The high-resolution airborne surveys shown on the map based index (GeoIndex) are classed as those flown with low terrain clearance (typically below 200m) and flight line spacing of less than 300m. The surveys were flown with various combinations of magnetic, radiometric and EM techniques, and include; Surveys flown for the DTI mineral reconnaissance programme, Commercial surveys flown for mineral exploration and subsequently donated to the BGS and Surveys flown for the BGS for research and other purposes.

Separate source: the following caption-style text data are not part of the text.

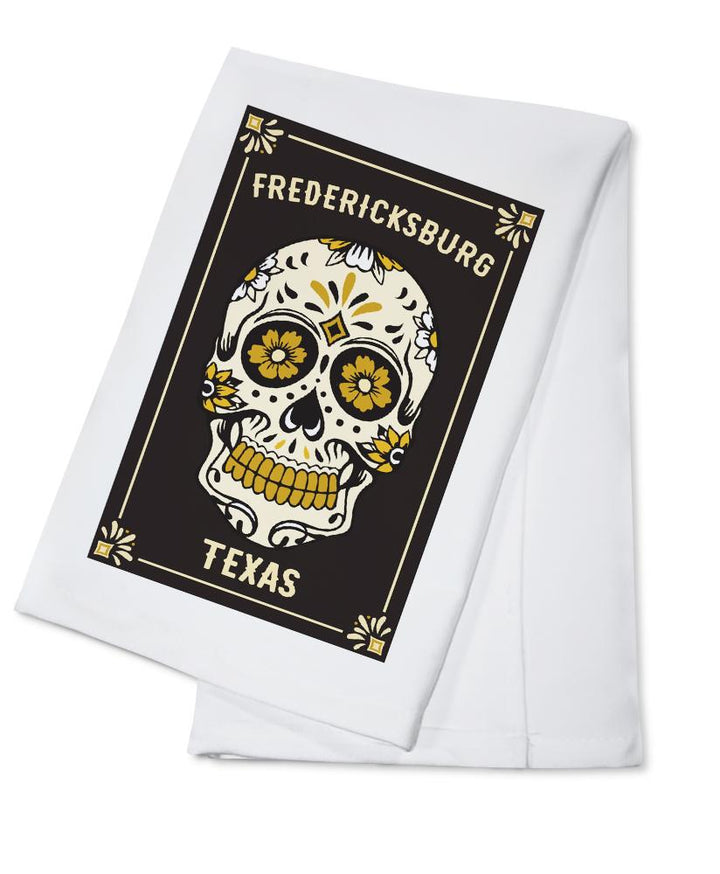 Fredericksburg, Texas, Day of the Dead, Sugar Skull & Flower Pattern (Black & Gold), Lantern Press, Towels and Aprons Kitchen Lantern Press Cotton Towel 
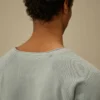 Schweres, pigmentgefärbtes Sweatshirt mit Stehkragen aus Piqué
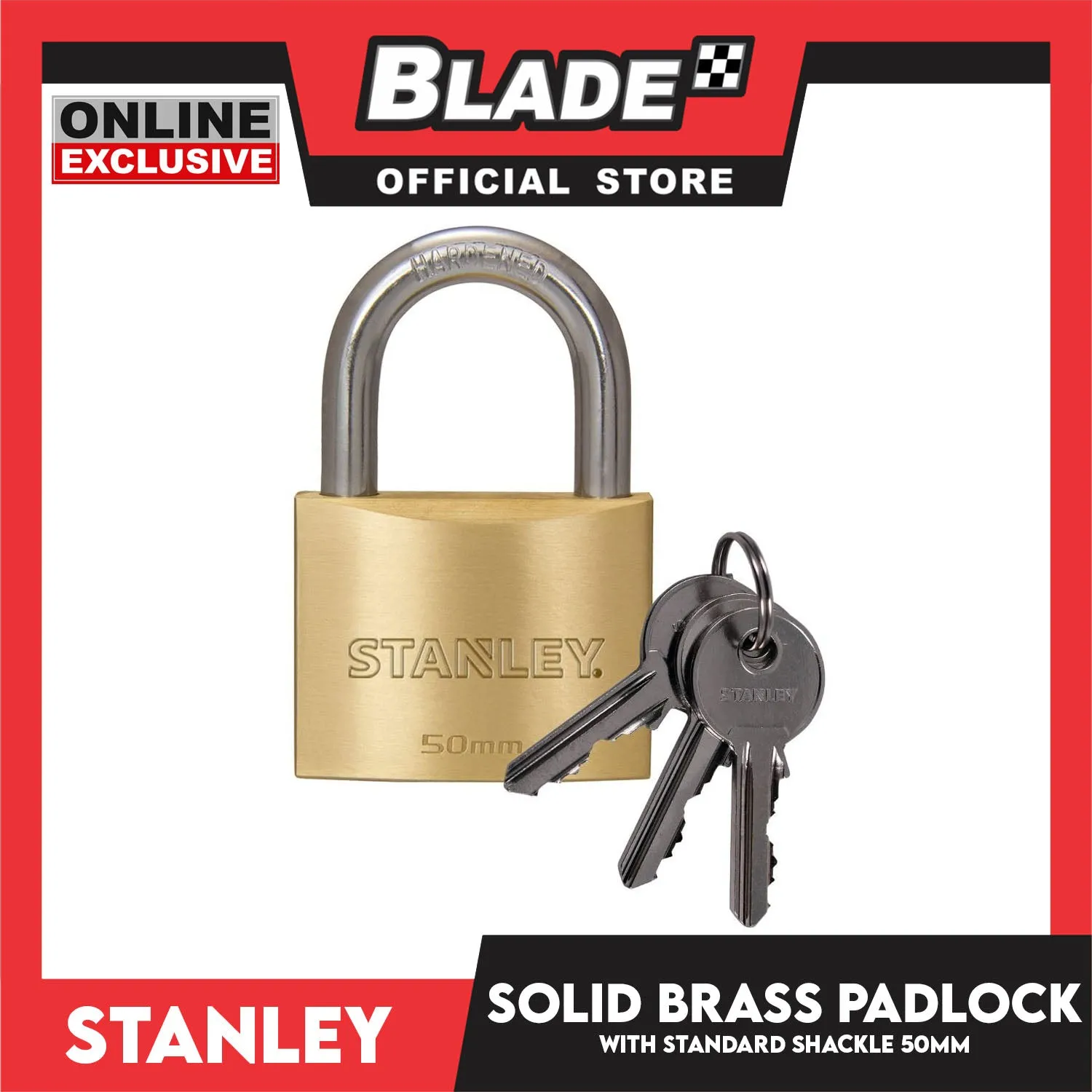 Stanley Solid Brass Padlock with Standard Shakle 50mm Heavy Duty Security Padlock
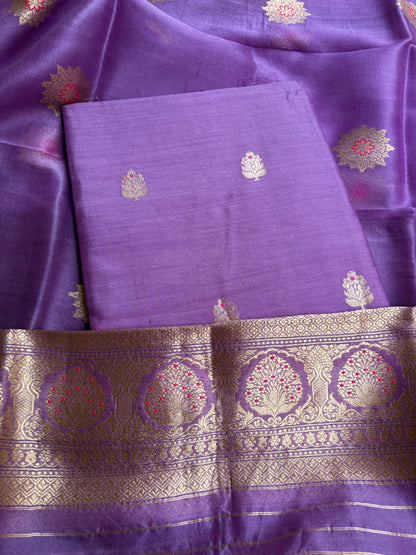 Lavender pure silk kadhwa suit set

This layer of the map based index (GeoIndex) shows unadjusted ship gravity, magnetic and bathymetry data acquired by BGS as part of its Offshore Reconnaisance Mapping Programme. This programme commenced in 1967, and was funded mainly by the Department of Energy. Unadjusted ship gravity and bathymetry data from various commercial and academic surveys between 1965 and 1994. Confidential M.O.D Hydrographic Office integrated ship gravity and magnetics surveys of NW Europe marine areas for which BGS acts as agent. Network adjusted gravity and magnetic compilations of data from BGS and non-BGS sources.
This layer of the map based index (GeoIndex) shows the location of earthquakes within the UK. The historical catalogue has been compiled, in general, from macroseismic observations (ie felt effects). Before 1700, only earthquakes with magnitudes of 4.0 ML or greater are included. After 1700, all known events with magnitudes of 3.0 ML or greater are included together with some other, smaller ones. Accuracies of magnitude, location, and origin time vary with the quality of information available for this period as they do for instrumental measurements in the post 1970 period. In that case, variations are largely a function of the seismograph station coverage, which has been improving up to the present day.